§ **What you have to do**: For each line of the material, write out an exact copy.

★ ★ ★

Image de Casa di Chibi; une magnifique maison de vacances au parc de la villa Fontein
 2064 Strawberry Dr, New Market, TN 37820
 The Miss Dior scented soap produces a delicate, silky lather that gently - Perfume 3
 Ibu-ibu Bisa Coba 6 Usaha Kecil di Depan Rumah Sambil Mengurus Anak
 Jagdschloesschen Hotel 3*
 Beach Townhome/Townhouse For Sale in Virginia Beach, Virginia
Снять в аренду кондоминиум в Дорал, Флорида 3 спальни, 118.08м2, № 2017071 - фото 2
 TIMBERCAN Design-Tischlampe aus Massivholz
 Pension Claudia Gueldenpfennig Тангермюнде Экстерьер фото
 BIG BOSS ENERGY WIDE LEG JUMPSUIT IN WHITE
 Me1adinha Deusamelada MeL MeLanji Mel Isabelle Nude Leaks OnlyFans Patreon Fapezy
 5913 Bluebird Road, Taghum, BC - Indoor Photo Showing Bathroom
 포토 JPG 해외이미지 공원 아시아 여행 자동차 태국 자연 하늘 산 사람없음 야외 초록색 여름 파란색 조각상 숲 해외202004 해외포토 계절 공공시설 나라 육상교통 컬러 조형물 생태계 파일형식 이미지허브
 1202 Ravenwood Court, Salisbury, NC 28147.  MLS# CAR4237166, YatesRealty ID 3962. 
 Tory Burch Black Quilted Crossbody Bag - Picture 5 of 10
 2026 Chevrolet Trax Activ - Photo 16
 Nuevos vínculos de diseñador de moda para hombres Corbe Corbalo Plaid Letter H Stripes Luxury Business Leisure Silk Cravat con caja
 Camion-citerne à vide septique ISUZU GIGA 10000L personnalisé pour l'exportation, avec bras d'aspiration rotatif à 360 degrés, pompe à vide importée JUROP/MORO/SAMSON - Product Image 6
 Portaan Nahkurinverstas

★ ★ ★

§ **Response**:
Image de Casa di Chibi; une magnifique maison de vacances au parc de la villa Fontein
 2064 Strawberry Dr, New Market, TN 37820
 The Miss Dior scented soap produces a delicate, silky lather that gently - Perfume 3
 Ibu-ibu Bisa Coba 6 Usaha Kecil di Depan Rumah Sambil Mengurus Anak
 Jagdschloesschen Hotel 3*
 Beach Townhome/Townhouse For Sale in Virginia Beach, Virginia
Снять в аренду кондоминиум в Дорал, Флорида 3 спальни, 118.08м2, № 2017071 - фото 2
 TIMBERCAN Design-Tischlampe aus Massivholz
 Pension Claudia Gueldenpfennig Тангермюнде Экстерьер фото
 BIG BOSS ENERGY WIDE LEG JUMPSUIT IN WHITE
 Me1adinha Deusamelada MeL MeLanji Mel Isabelle Nude Leaks OnlyFans Patreon Fapezy
 5913 Bluebird Road, Taghum, BC - Indoor Photo Showing Bathroom
 포토 JPG 해외이미지 공원 아시아 여행 자동차 태국 자연 하늘 산 사람없음 야외 초록색 여름 파란색 조각상 숲 해외202004 해외포토 계절 공공시설 나라 육상교통 컬러 조형물 생태계 파일형식 이미지허브
 1202 Ravenwood Court, Salisbury, NC 28147.  MLS# CAR4237166, YatesRealty ID 3962. 
 Tory Burch Black Quilted Crossbody Bag - Picture 5 of 10
 2026 Chevrolet Trax Activ - Photo 16
 Nuevos vínculos de diseñador de moda para hombres Corbe Corbalo Plaid Letter H Stripes Luxury Business Leisure Silk Cravat con caja
 Camion-citerne à vide septique ISUZU GIGA 10000L personnalisé pour l'exportation, avec bras d'aspiration rotatif à 360 degrés, pompe à vide importée JUROP/MORO/SAMSON - Product Image 6
 Portaan Nahkurinverstas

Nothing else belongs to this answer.